ニシ=怪訝な顔に/もし最高位の魔導士が白環=GPS発信機をつけていなかったらそれ自体が犯罪行為だった/人類の敵にも味方にもなる諸刃の剣の白の魔導士。
「まあ、待て」口を開きかけた時オジサンが言った。「警察の捜索願いにもなかった。厚労省の潰瘍行方不明名簿にもなかった。だから、市役所に根回しして、住民登録と魔導の『橙』を登録した」
なんとなく見えてきた=オジサンは常磐や政府が把握していない白環の魔導士を手元においておきたいのか。
「で、政府のサーバーにハッキングしたんですか」
魔導士の人口管理は政府が一元管理していたはず。
「したのはわしじゃない。潰瘍の発生やあの戦争のゴタゴタで住基ネットはバックドアがつけてある。政府と常磐はやたら国内の魔導士の管理を強化したがる」
相変わらずの陰謀論者/もはや犯罪者=バレなきゃいいという反骨精神。
「でも、抜き打ちの検査があったらどうするんです。常磐にバレますよ」
「お前と暮せば、大丈夫だろ。魔導士はお互い共振で、魔導の計測値がブレる。木を隠すなら森の中、というやつだ」
計算高いオジサン/計略こそ人生の生きがいという感じ=前世は赤壁あたりで戦ってそうだな。

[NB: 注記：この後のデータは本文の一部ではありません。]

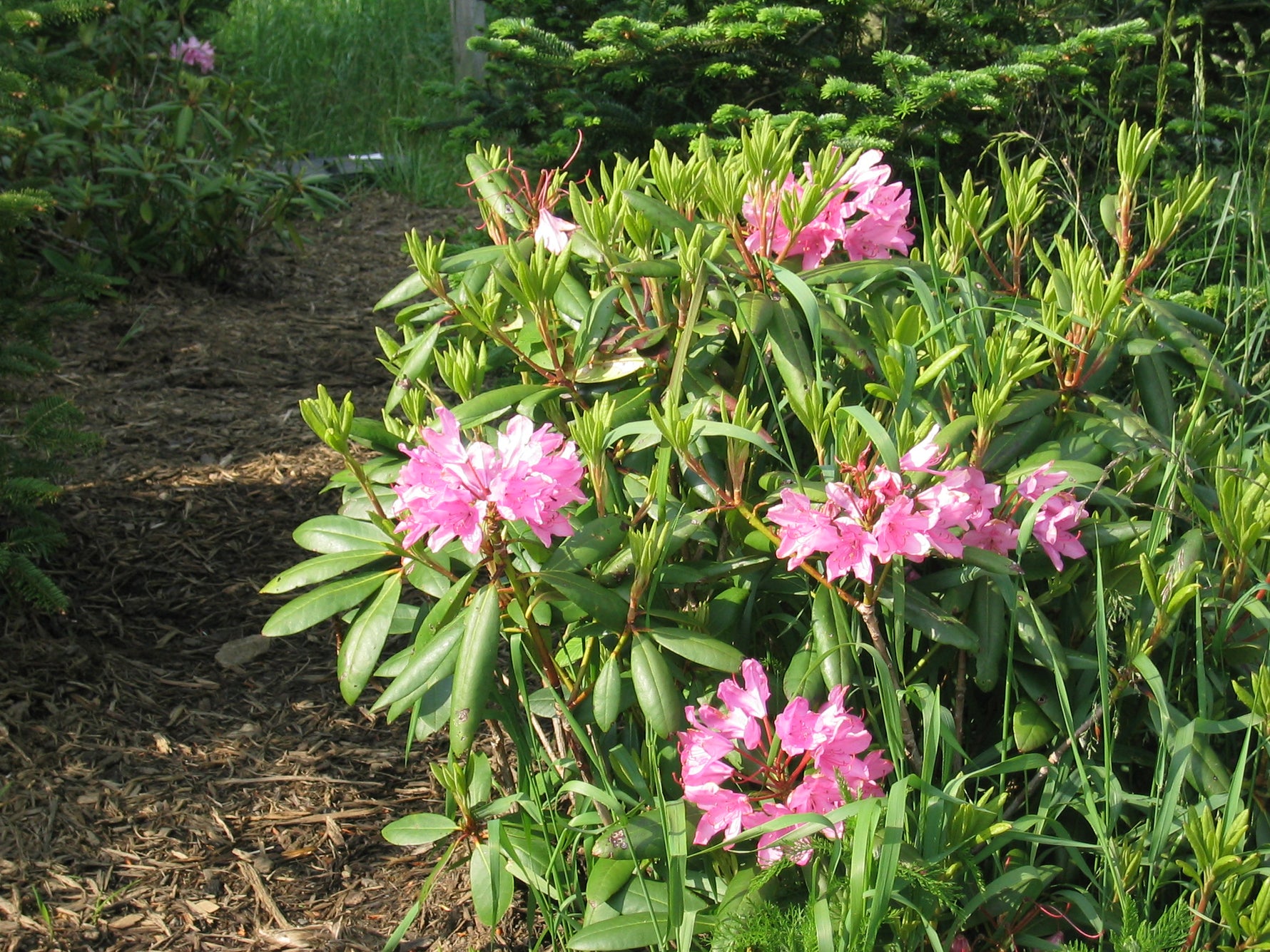 Rhododendron catawbiense - Rododendron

「もうひとつ、この子の希望は? 里親はともかく養護施設は受け入れてくれるでしょう? 5年も経っていて魔導士への差別なんてもう聞きません」
「私は、別に、どこでも……」
サナは目を合わせない。記憶喪失ということは、名前ももしかしてオジサンが考えたのか。

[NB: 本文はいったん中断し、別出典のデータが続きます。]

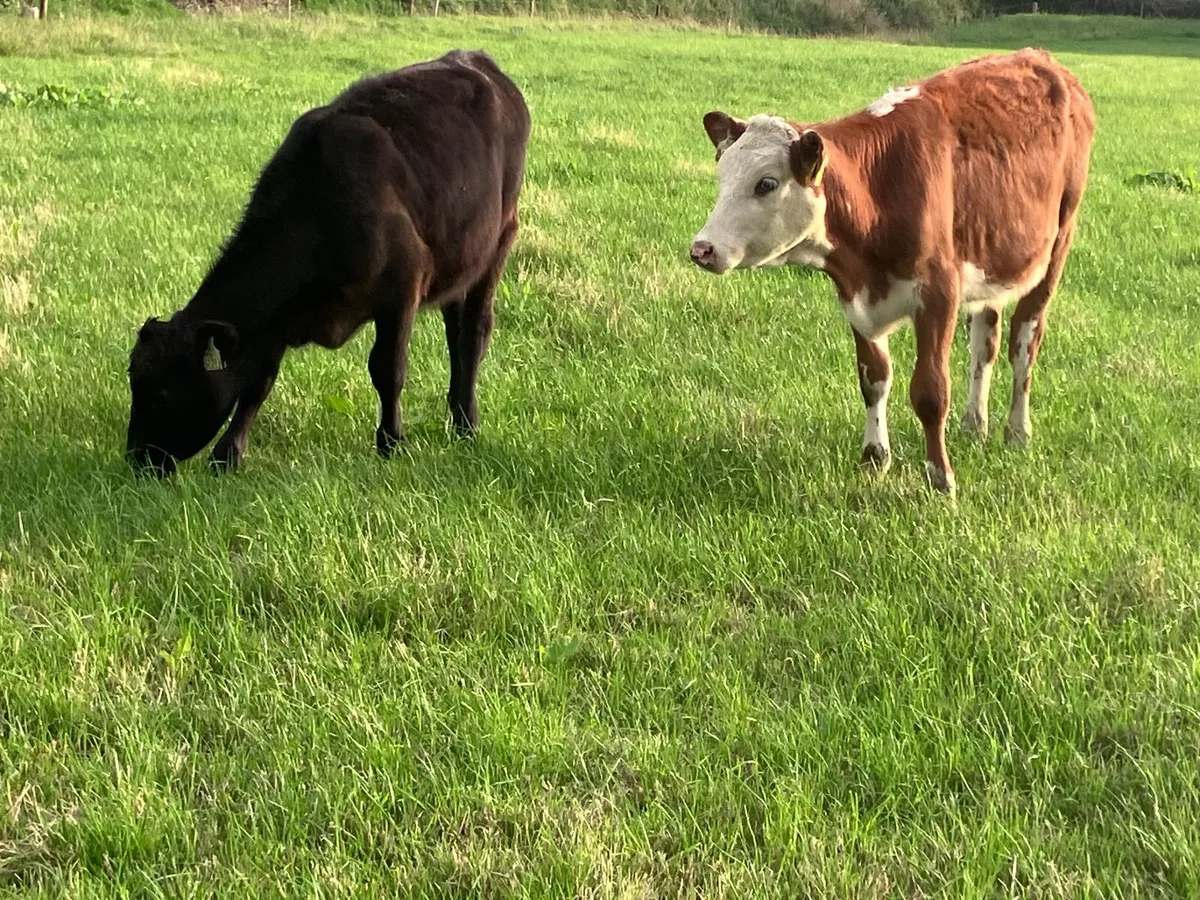 5 hereford & angus weanling heifers for sale - Image 2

「よし、決まりだ」オジサンは手を叩いた。「田中と一緒に必要なものを買ってくるんだ。ニシの家まで来るまで送ろう」
サナは小さくうなずいて席を立つ/田中の運転する高級セダンを2人で見送った。
「で、オジサンは?」
「わしはタクシーで帰る」
オジサンはスマホでタクシーを探している/たぶん、常磐の魔導セルを使わない昔ながらのタクシー会社を選り好みしている=そんな会社なんてもう残っていないのに。
「記憶喪失の方は? 原因は何ですか?」
「知り合いの医者に診せた。だが、外傷や心理的なものではないらしい」
「じゃあ、どうして」
「魔導士特有の、あれだ。魔導の使いすぎによる体の変化」
オジサンは、特定の分野に対しては理解が深い。
「吐き気、めまい、頭痛。あとは失神、意識の混濁。そして、記憶の喪失……」
「それだ。きっと彼女はどこかで魔導を使いすぎたんだろう。で、記憶がなくなった。おかげで魔導の使い方も一切忘れてしまったがね」
「一切ってじゃあ基本的な魔導のみならず自身の天賦まで忘れている、と」
「うむ」
「時間がかかりますよ、魔導を習得するの。もう14歳だし」
「なに、思い出させればいいんだ。別にトラウマが原因というわけでもないだろう」
「そこまでして、常磐に対する伏兵がほしいんですか?」
「ノブレス・オブリージュ」
「たしか義務、とかなんとか」
「わしは金持ちだ。先祖5代皆金持ちだ。金持ちだが、篤志家という自負もある。人助けもしてきた。戦争のときも、地震のときも、潰瘍も、全部」
嘘ではない。だが、その行動の先には常磐への対抗意識がある。